初めて、その部屋にとおされた時には、小ぶりの長テーブルがいくつも並んでいた。 勢いあまって半紙からはみだしたのか墨であちこちが黒く染まっている。窓際に設えた小さな祭壇。 障子越しの陽光が柔らかく射している。遺影の人は、ほのかに笑みをふくんでいたように見えた。 二度目に訪れた時には、テーブルは片付けられ、替わりに少しおおぶりのコタツがでんと置かれていた。 雨模様を嫌ってか犬がその横で寝そべっている。奥にはつつましい台所がある。 その部屋はほんの小さな空間だが、家人の大らかさがあらわれ、妙に居心地のいい気配が漂っていた。

「あんたで、悪かったわ。ほんまに・・」
愛犬の頭をなでながらMさんは笑った。別れの日が近いことを知らせるように様態が悪化した 義母Sさんの様子を知らせるため、近所に住む義姉を訪ねた、ほんの一時間ほどのできごとだった。 最期を見送ったのは、家人に代わって留守宅を見守っていた愛犬の‘チャチャ’となった。 そのとき、おばあちゃんは私の名前を呼んでくれたのか、と問うMさんに犬は眠そうな目をちらりとむけるばかりである。 帰宅後、Mさんは、寝息をたてていない義母に気づいた。

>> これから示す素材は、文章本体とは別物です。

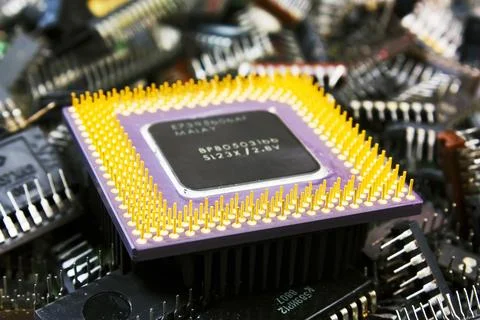 Microchip CPU Processor with Gold Pins on Circuit Board Stock Photos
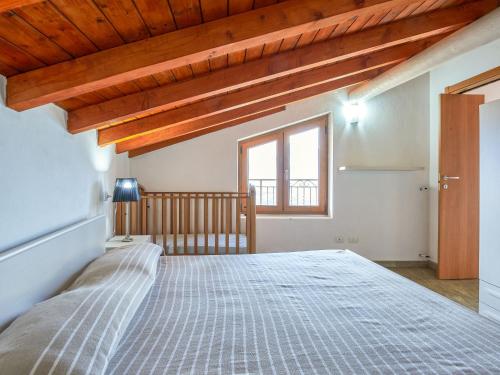 Postel nebo postele na pokoji v ubytování Holiday Home Rustico Maria - DMA392 by Interhome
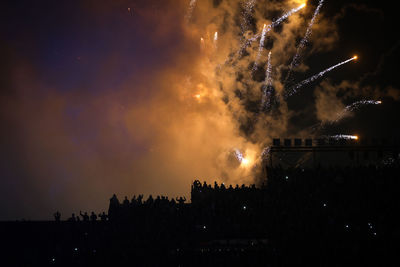High angle view of firework display at night
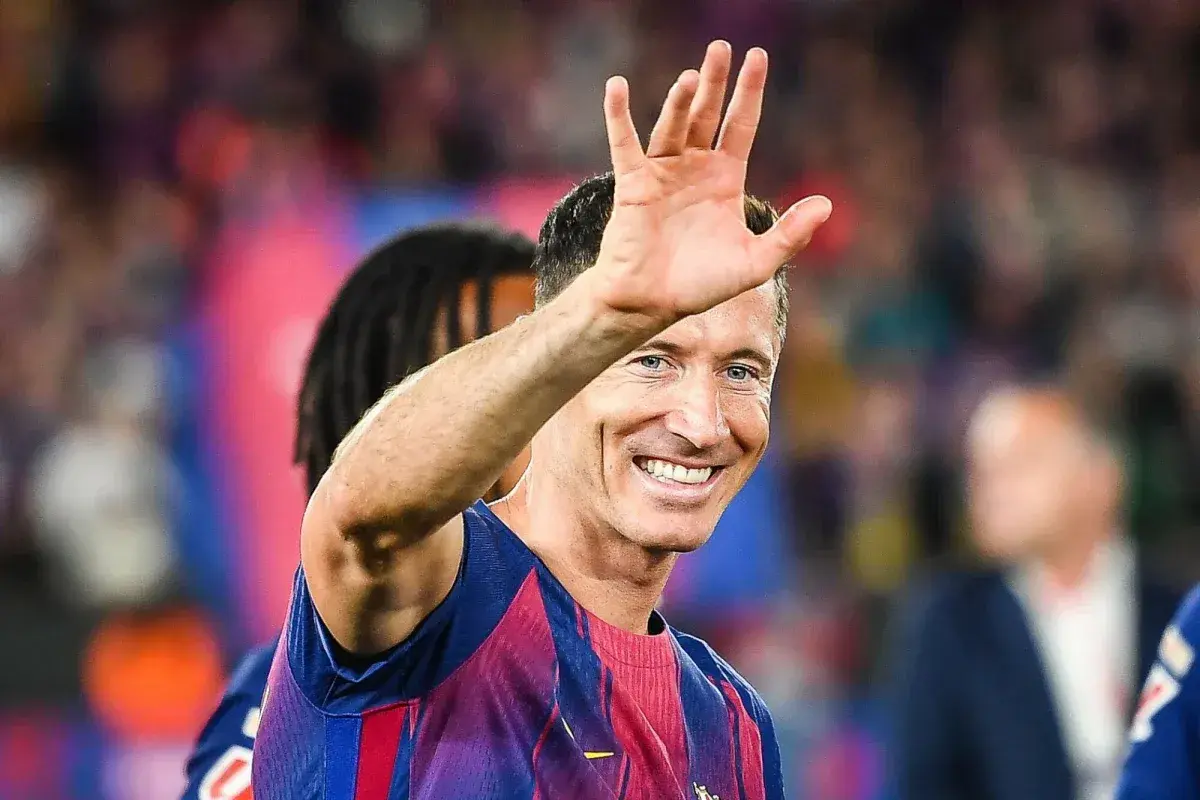 Robert Lewandowski wita kibiców, uśmiechając się szeroko. Wszyscy zastanawiają się, o co chodzi z Lewandowskim i jego nowym klubem.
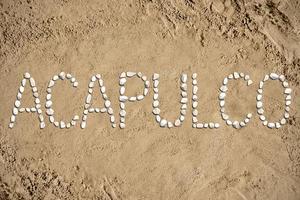 acapulco - woord gemaakt met stenen Aan zand foto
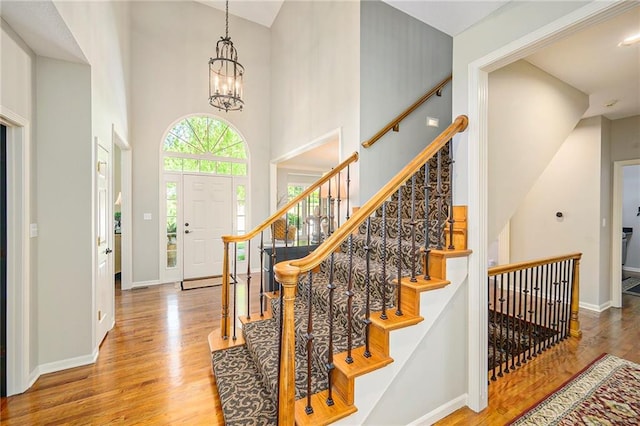1605 Ridge Rd, Leavenworth, KS 66048 - stairway with wood finished floors, baseboards, a chandelier, and a high ceiling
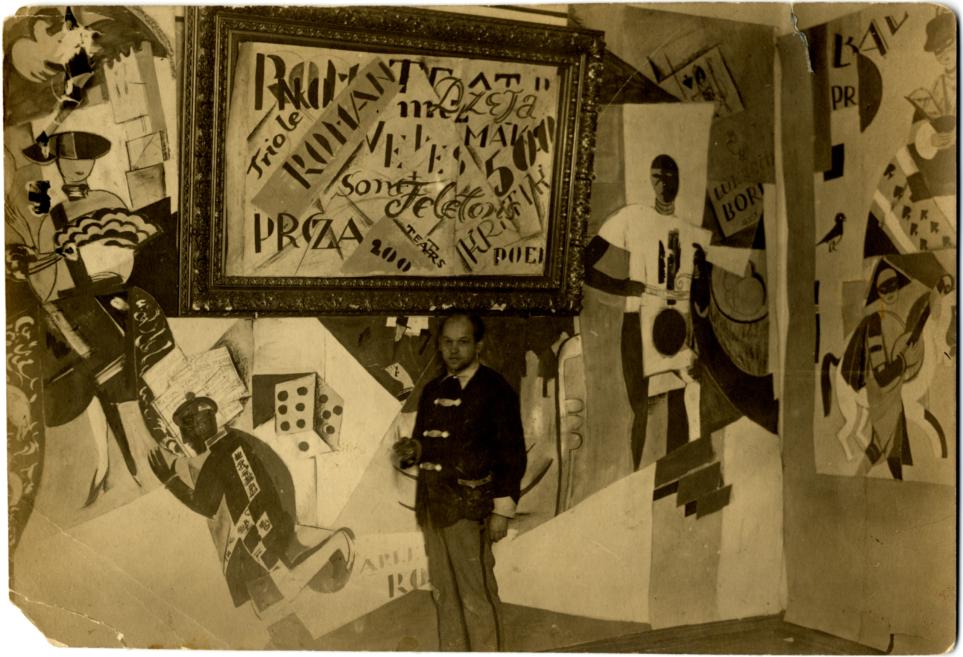 A man stands in an interior beside wall paintings and collages in an avant-garde style, including a large framed composition with text.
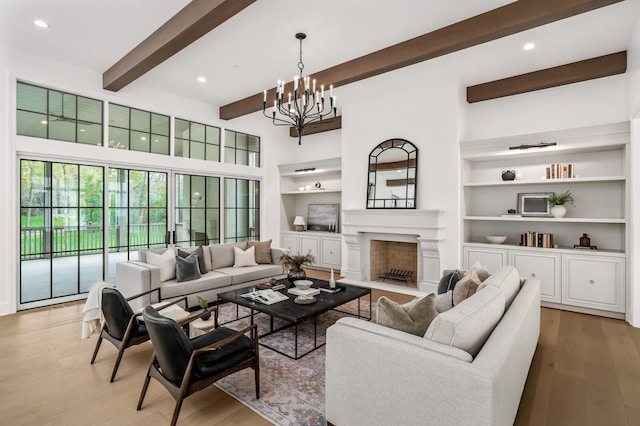 living room with beamed ceiling, built in features, a notable chandelier, and light hardwood / wood-style flooring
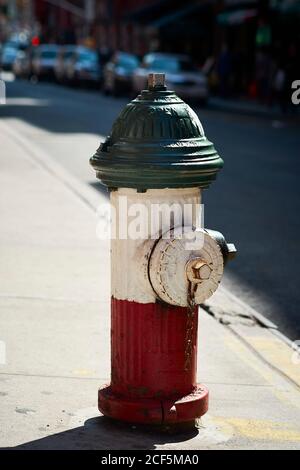 Idrante antincendio rosso e bianco vecchio stile situato sul marciapiede Sulla strada di New York City in giornata di sole Foto Stock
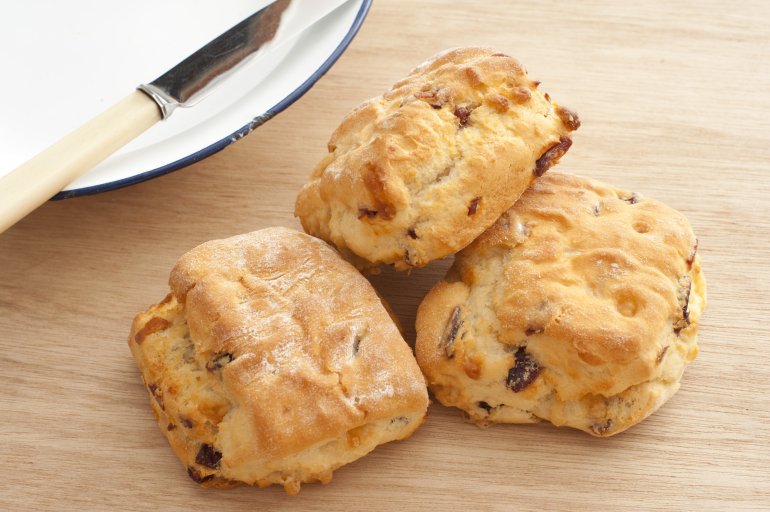 Three freshly baked delicious homemade scones with raisins on a wooden kitchen counter alongside a plate and knife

布団の乱れはなく、苦しんだ様子が見受けられないのは せめてもの救いだが、この世を去るその時に傍にいてやれなかった無念が今も胸にせまるという。 まさか、そんなに早くとは思わなかった、と連絡を受けた杉山先生も目を丸くしたほどだ。 姉の家は、魚屋と寿司屋を営み、その日があと一日遅ければ、年越しの家業に支障をきたすことになった。 連日、母に起きる夜間せんもう譫妄(※譫妄-意識障害の一つ。意識レベルが低下したり混濁することにより、 幻覚、幻聴を覚え、異常行動や異常な発言をしたりする症状がある)をなだめるために、Mさんの疲れもピークに達していた。 「子ども孝行してくれはったんかなあ。充分なことできたんやろか・・・」Mさんは、そう呟き、ふっと宙を見上げた。

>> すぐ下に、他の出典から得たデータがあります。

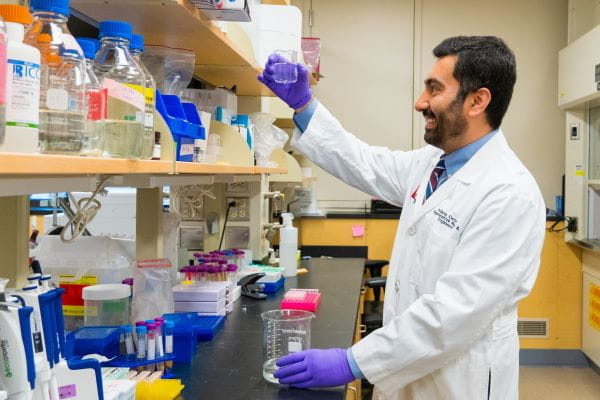 IU Surgery researcher takes a look at a beaker in the lab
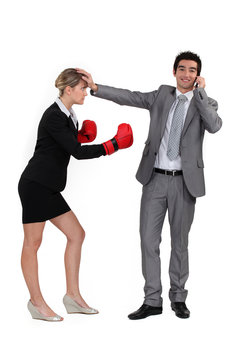 man on the phone and woman with boxing gloves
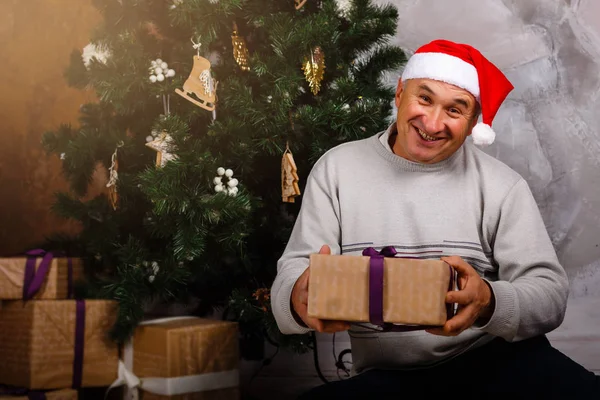 ギフト用の箱のクリスマス ツリーのそばに座っての祖父 — ストック写真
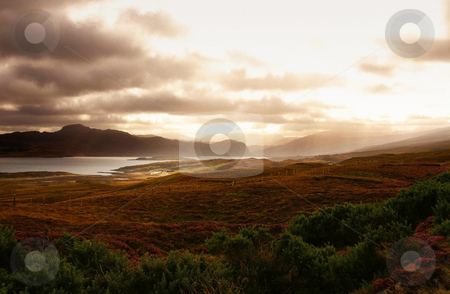 To use this stock image in your creative project, please select the size you need over to the right and click the "Add to Cart" button.
Your downloaded image will come with the Cutcaster watermark removed so don’t worry about the watermark you see on this page. Magic scotland stock photo, Magic scotland sunset over some hills and ocean by Karin Claus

義母Sさんのがん再発と転移が発覚したのは平成18年3月、91歳のことだった。それまで義姉家族と同居し、 家業に忙しい夫婦に代わって、Sさんは孫の世話を引き受けてきた。めんどうみのいい、物静かな人で、若い頃には、 三人の子育てのかたわら、夫の知人が病に倒れた際にはその世話をしたこともあったという。  母の最期は、長男である自分の家で看取ってあげたい、と以前から話しをしていたMさん夫婦だったが、 いざそのときが訪れると思わぬ誤算がおきた。夫が6月より単身赴任を命ぜられたのだ。頼りの夫が不在となれば、 重責は妻Mさんの肩にのしかかる。「一人になるけどいいか?」と気遣う夫の言葉に、 Mさんは頷いたものの、先行きの見えない不安が脳裏をかすめる。気のやさしい母ではあるが、命の灯火はか細く 揺れる状態である。自分一人でいる時に、その灯が消えるようなことがあれば・・・。

お盆を過ぎる頃、SさんはMさん家族と暮らし始めた。ダイニングと居間を兼ねた、こぢんまりとした部屋をカーテンで仕切ると、 そこにSさんの部屋ができた。週に二日、仕切りを無くし、テーブルを並べると、そこはMさんの開く習字教室にもなる。 小さいけれど、多様に活躍するこの部屋には、いつも変わらぬ温もりがあった。 台所で食事の支度をする音、夕げの匂い。家族がコタツを囲み談笑する声。我が家の一員のつもりでくつろぐチャチャもいる。 そんな何気ない日常の中で、ごく自然に過ごす幸せをSさんは感じていたのかもしれない。しかし、容態は少しずつ、確実に、 悪化していた。食事を済ませたことを忘れるようになり、時に、人が変わったように声を荒げるSさんを前に途方にくれるMさんだった。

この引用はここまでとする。